→ **Stored data**
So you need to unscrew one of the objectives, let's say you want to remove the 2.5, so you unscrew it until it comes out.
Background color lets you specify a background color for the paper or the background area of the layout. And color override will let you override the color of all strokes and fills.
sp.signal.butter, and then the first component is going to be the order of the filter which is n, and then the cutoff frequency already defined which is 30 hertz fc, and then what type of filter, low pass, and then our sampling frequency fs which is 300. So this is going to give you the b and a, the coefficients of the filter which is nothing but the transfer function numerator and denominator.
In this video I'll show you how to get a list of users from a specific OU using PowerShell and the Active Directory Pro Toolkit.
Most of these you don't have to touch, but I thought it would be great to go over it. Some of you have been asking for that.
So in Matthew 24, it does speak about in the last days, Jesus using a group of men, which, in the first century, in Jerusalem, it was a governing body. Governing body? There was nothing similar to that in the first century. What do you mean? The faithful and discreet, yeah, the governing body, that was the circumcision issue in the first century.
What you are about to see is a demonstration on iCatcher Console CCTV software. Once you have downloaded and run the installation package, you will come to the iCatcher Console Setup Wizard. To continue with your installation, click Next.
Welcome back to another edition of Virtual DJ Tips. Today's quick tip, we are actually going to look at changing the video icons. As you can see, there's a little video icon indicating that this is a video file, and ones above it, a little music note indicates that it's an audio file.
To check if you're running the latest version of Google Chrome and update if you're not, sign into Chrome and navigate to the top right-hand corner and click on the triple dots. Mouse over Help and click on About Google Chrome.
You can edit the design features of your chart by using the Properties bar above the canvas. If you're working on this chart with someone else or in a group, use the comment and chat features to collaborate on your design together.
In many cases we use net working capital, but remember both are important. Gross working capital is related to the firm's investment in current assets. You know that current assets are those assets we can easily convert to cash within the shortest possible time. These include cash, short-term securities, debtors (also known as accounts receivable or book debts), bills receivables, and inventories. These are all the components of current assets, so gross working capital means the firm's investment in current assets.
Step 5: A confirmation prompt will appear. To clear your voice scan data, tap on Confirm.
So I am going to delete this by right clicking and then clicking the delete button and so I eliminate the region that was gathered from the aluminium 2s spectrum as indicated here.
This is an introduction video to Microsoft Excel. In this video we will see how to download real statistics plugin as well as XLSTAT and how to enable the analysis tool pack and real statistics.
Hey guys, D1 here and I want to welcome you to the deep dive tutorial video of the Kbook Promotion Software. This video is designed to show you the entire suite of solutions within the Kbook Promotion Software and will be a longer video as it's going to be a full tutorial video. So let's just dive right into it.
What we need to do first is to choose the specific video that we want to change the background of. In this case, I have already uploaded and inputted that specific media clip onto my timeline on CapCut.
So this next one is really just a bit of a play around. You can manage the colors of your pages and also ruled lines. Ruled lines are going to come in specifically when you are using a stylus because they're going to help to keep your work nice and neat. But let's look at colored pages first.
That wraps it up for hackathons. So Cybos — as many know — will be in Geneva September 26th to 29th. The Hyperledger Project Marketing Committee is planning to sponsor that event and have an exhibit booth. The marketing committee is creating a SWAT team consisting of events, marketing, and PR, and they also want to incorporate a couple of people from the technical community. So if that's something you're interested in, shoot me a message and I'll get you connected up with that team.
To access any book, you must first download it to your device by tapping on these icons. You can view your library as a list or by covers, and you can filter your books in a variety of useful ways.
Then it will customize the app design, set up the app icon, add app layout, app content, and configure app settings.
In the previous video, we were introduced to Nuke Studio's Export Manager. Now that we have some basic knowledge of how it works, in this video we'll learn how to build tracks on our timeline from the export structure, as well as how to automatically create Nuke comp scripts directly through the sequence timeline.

→ **WHAT IS EXPECTED**
Would you please write out all the entries exactly?

→ **SOLVED EXERCISE**
So you need to unscrew one of the objectives, let's say you want to remove the 2.5, so you unscrew it until it comes out.
Background color lets you specify a background color for the paper or the background area of the layout. And color override will let you override the color of all strokes and fills.
sp.signal.butter, and then the first component is going to be the order of the filter which is n, and then the cutoff frequency already defined which is 30 hertz fc, and then what type of filter, low pass, and then our sampling frequency fs which is 300. So this is going to give you the b and a, the coefficients of the filter which is nothing but the transfer function numerator and denominator.
In this video I'll show you how to get a list of users from a specific OU using PowerShell and the Active Directory Pro Toolkit.
Most of these you don't have to touch, but I thought it would be great to go over it. Some of you have been asking for that.
So in Matthew 24, it does speak about in the last days, Jesus using a group of men, which, in the first century, in Jerusalem, it was a governing body. Governing body? There was nothing similar to that in the first century. What do you mean? The faithful and discreet, yeah, the governing body, that was the circumcision issue in the first century.
What you are about to see is a demonstration on iCatcher Console CCTV software. Once you have downloaded and run the installation package, you will come to the iCatcher Console Setup Wizard. To continue with your installation, click Next.
Welcome back to another edition of Virtual DJ Tips. Today's quick tip, we are actually going to look at changing the video icons. As you can see, there's a little video icon indicating that this is a video file, and ones above it, a little music note indicates that it's an audio file.
To check if you're running the latest version of Google Chrome and update if you're not, sign into Chrome and navigate to the top right-hand corner and click on the triple dots. Mouse over Help and click on About Google Chrome.
You can edit the design features of your chart by using the Properties bar above the canvas. If you're working on this chart with someone else or in a group, use the comment and chat features to collaborate on your design together.
In many cases we use net working capital, but remember both are important. Gross working capital is related to the firm's investment in current assets. You know that current assets are those assets we can easily convert to cash within the shortest possible time. These include cash, short-term securities, debtors (also known as accounts receivable or book debts), bills receivables, and inventories. These are all the components of current assets, so gross working capital means the firm's investment in current assets.
Step 5: A confirmation prompt will appear. To clear your voice scan data, tap on Confirm.
So I am going to delete this by right clicking and then clicking the delete button and so I eliminate the region that was gathered from the aluminium 2s spectrum as indicated here.
This is an introduction video to Microsoft Excel. In this video we will see how to download real statistics plugin as well as XLSTAT and how to enable the analysis tool pack and real statistics.
Hey guys, D1 here and I want to welcome you to the deep dive tutorial video of the Kbook Promotion Software. This video is designed to show you the entire suite of solutions within the Kbook Promotion Software and will be a longer video as it's going to be a full tutorial video. So let's just dive right into it.
What we need to do first is to choose the specific video that we want to change the background of. In this case, I have already uploaded and inputted that specific media clip onto my timeline on CapCut.
So this next one is really just a bit of a play around. You can manage the colors of your pages and also ruled lines. Ruled lines are going to come in specifically when you are using a stylus because they're going to help to keep your work nice and neat. But let's look at colored pages first.
That wraps it up for hackathons. So Cybos — as many know — will be in Geneva September 26th to 29th. The Hyperledger Project Marketing Committee is planning to sponsor that event and have an exhibit booth. The marketing committee is creating a SWAT team consisting of events, marketing, and PR, and they also want to incorporate a couple of people from the technical community. So if that's something you're interested in, shoot me a message and I'll get you connected up with that team.
To access any book, you must first download it to your device by tapping on these icons. You can view your library as a list or by covers, and you can filter your books in a variety of useful ways.
Then it will customize the app design, set up the app icon, add app layout, app content, and configure app settings.
In the previous video, we were introduced to Nuke Studio's Export Manager. Now that we have some basic knowledge of how it works, in this video we'll learn how to build tracks on our timeline from the export structure, as well as how to automatically create Nuke comp scripts directly through the sequence timeline.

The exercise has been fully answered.